Wherever pictures appear in the listing below, leave them out, and copy exactly, and only, everything from the line with "adidas Originals [アディダス" down to the line with "清乾隆 仿万历青花团花纹卧足杯 - 图8".

▶ _RECORDS SUPPLIED_:

★ ★ ★ ★ ★

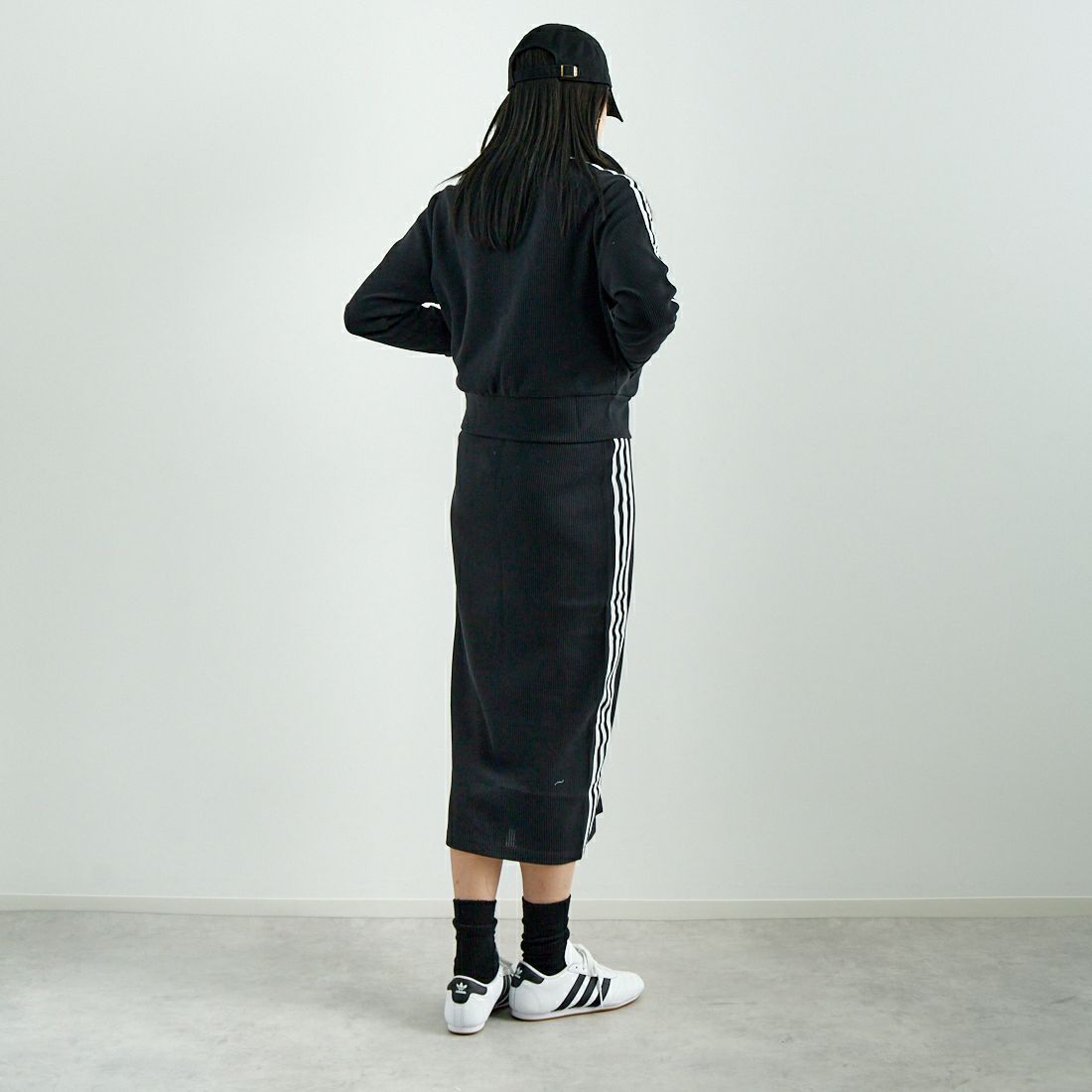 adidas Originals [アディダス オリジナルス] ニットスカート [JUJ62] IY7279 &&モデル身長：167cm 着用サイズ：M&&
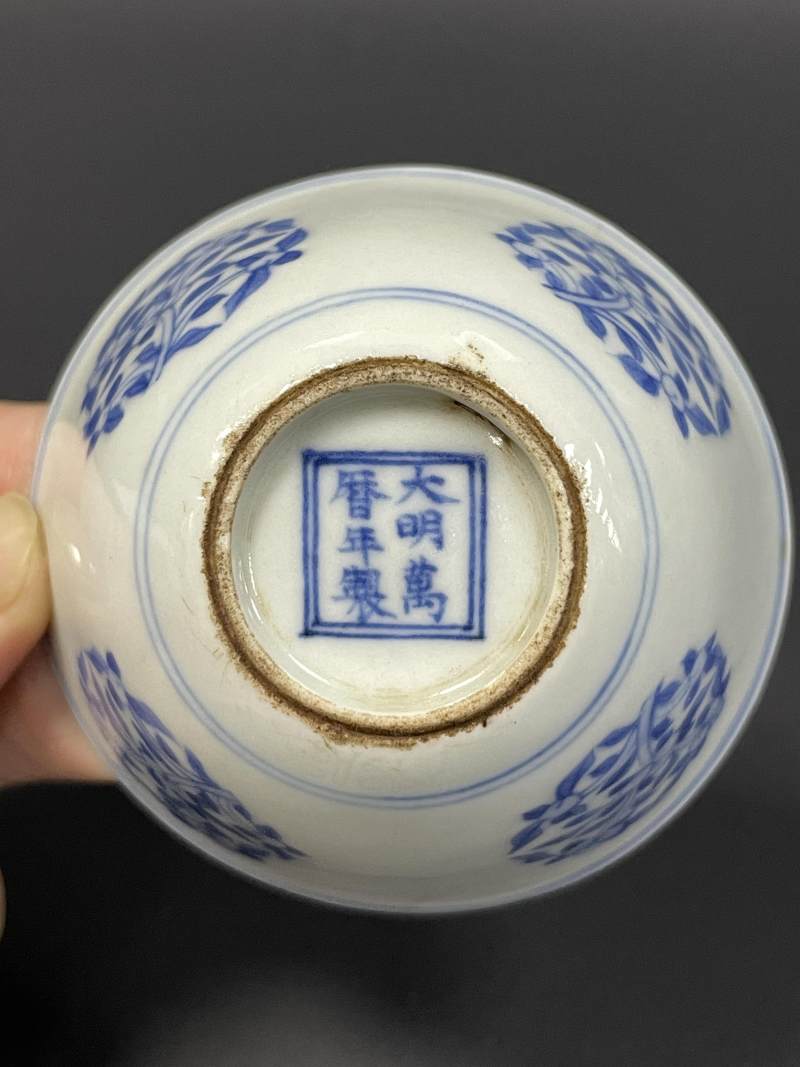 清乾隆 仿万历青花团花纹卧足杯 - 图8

★ ★ ★ ★ ★

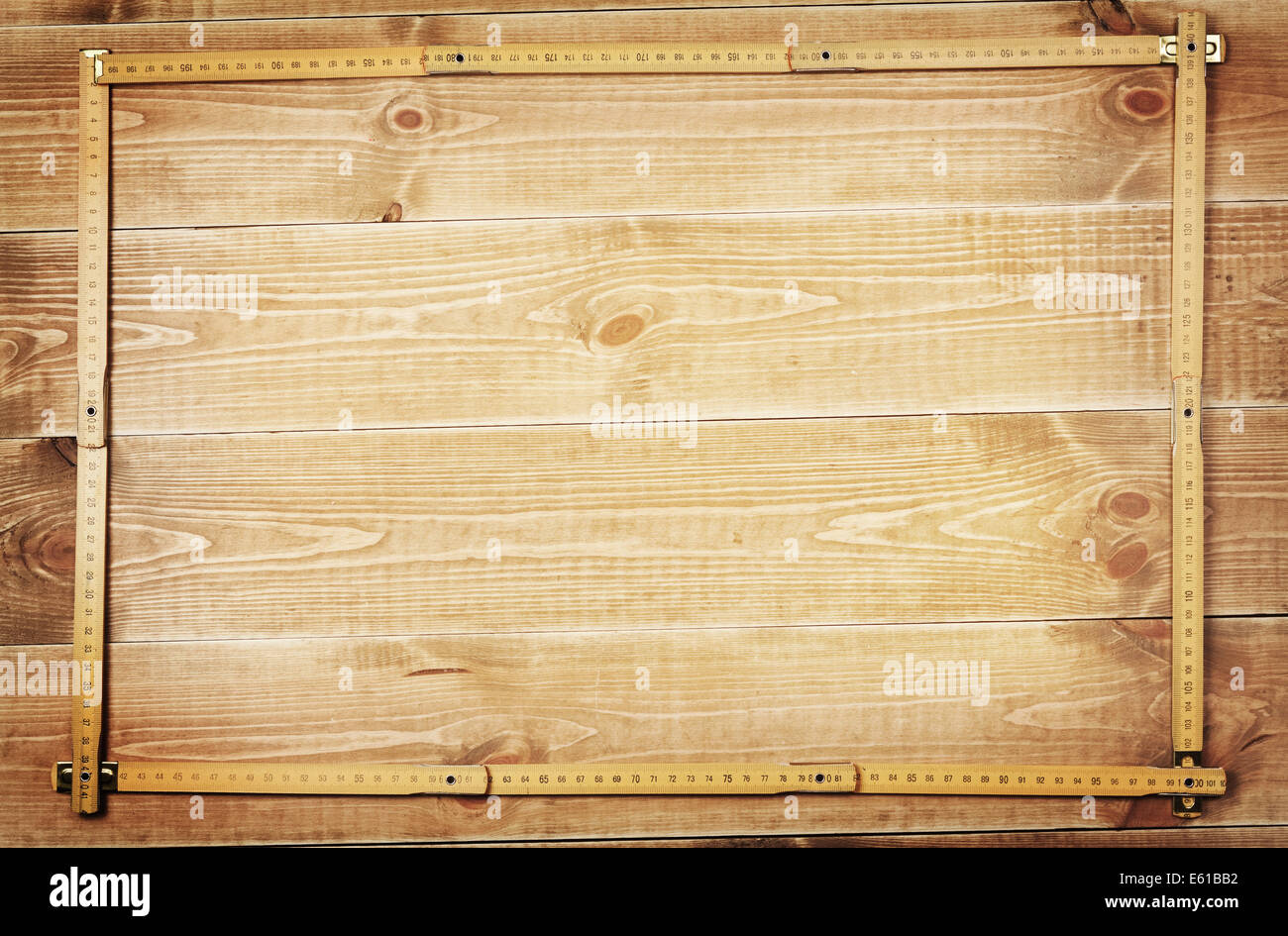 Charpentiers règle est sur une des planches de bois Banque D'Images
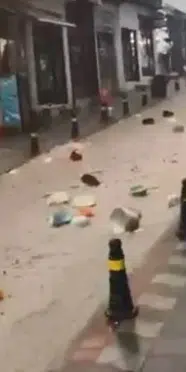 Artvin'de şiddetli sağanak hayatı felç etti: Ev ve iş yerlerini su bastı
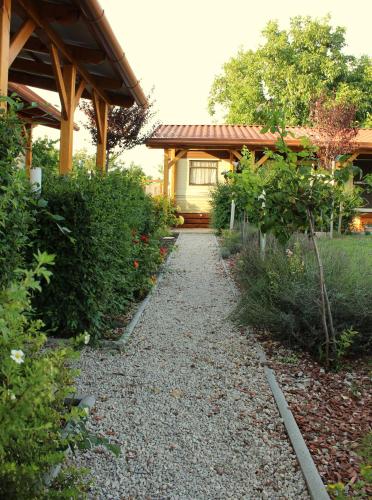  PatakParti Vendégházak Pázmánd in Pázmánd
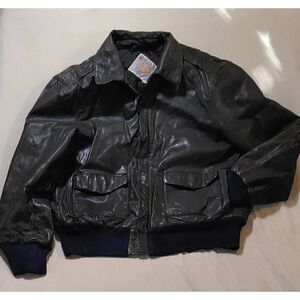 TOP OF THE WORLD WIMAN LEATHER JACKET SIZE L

★ ★ ★ ★ ★

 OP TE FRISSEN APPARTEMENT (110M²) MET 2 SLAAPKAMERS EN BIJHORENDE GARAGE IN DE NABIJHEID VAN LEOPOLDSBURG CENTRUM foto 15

★ ★ ★ ★ ★

▶ _RESULT BELOW_:
 adidas Originals [アディダス オリジナルス] ニットスカート [JUJ62] IY7279 &&モデル身長：167cm 着用サイズ：M&&
 清乾隆 仿万历青花团花纹卧足杯 - 图8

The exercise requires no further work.